Trancers : Critique et test Bluray (import UK)



Au milieu de nos regrettées 80's, tendres années de découvertes vidéastiques et sentimentales pour une bonne part notre lectorat (fidèle ?), le voyage dans le temps a indiscutablement le vent en poupe. Après un bizarroïde Time Rider et sa morale toute relative (1982), James Cameron ouvre avec "Terminator" '(1984) une faille temporelle dans laquelle, une partie de la production SF américaine s'engouffre avec un empressement aussi joyeux qu'opportuniste. Cette thématique doublée par l'exploitation d'une autre, celle du fameux "Effet papillon", théorie exposée et explorée avec génie par Ray Bradbury dans son roman "Un coup de Tonnerre" en 1952 , ouvrira un véritable boulevard situationnel. Renvoyé dans le passé pour corriger les erreurs présumées de l'histoire, un bataillon de héros plus ou moins mémorables devront affronter les douloureuses conséquences d'un tourisme contre nature, d'un affront au divin ou à l'inexorable. Selon que vous ayez eu ou pas la chance ou la malchance d'embrasser une éducation religieuse. Rayez selon vos convenances les mentions inutiles.
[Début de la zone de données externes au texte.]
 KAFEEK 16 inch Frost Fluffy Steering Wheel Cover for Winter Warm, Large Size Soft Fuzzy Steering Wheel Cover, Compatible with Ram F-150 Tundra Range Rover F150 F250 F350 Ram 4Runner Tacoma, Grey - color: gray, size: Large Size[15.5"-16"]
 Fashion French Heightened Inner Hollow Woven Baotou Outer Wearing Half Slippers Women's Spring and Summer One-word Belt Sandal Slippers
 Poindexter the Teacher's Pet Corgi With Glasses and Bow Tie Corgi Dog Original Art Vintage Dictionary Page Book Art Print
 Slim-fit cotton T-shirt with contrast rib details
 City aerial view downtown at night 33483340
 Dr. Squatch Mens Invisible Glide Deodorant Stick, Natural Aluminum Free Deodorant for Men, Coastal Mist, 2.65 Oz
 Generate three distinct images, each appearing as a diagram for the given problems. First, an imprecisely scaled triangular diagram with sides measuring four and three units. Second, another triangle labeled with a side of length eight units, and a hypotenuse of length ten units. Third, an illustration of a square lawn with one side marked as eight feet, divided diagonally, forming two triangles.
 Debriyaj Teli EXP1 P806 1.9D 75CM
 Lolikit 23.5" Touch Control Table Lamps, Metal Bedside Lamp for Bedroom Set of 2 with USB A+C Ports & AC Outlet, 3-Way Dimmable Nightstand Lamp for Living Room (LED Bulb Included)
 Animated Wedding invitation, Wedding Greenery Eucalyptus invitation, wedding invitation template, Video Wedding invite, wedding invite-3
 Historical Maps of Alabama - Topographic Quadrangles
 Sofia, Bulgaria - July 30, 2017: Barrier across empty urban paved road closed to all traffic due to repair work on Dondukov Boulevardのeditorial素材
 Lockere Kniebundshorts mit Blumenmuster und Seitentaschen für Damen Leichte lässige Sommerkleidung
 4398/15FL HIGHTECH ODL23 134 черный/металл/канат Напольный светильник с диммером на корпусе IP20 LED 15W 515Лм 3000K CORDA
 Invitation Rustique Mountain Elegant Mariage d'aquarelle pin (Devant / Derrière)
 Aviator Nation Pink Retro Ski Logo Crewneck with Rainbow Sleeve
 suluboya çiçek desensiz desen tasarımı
L'intérêt du cinéma d'exploitation yankee pour l'exercice se cristallisera certes autour du succès populaire de Terminator, puis celui de Retour vers le futur. Mais la figure présente aussi l'avantage de ne pas demander la lune. La simple notion de voyage dans le passé assurera la caution science fictionnelle et la spectacularité des récits. Suivant l'adage "Le présent des uns fait le passé des autres", les années 80 s'offriront en décors à des personnages venus du futur... réduisant l'exposition de leur époque de provenance à quelques minutes de métrage et quelques néons noyés dans une brume... providentielle.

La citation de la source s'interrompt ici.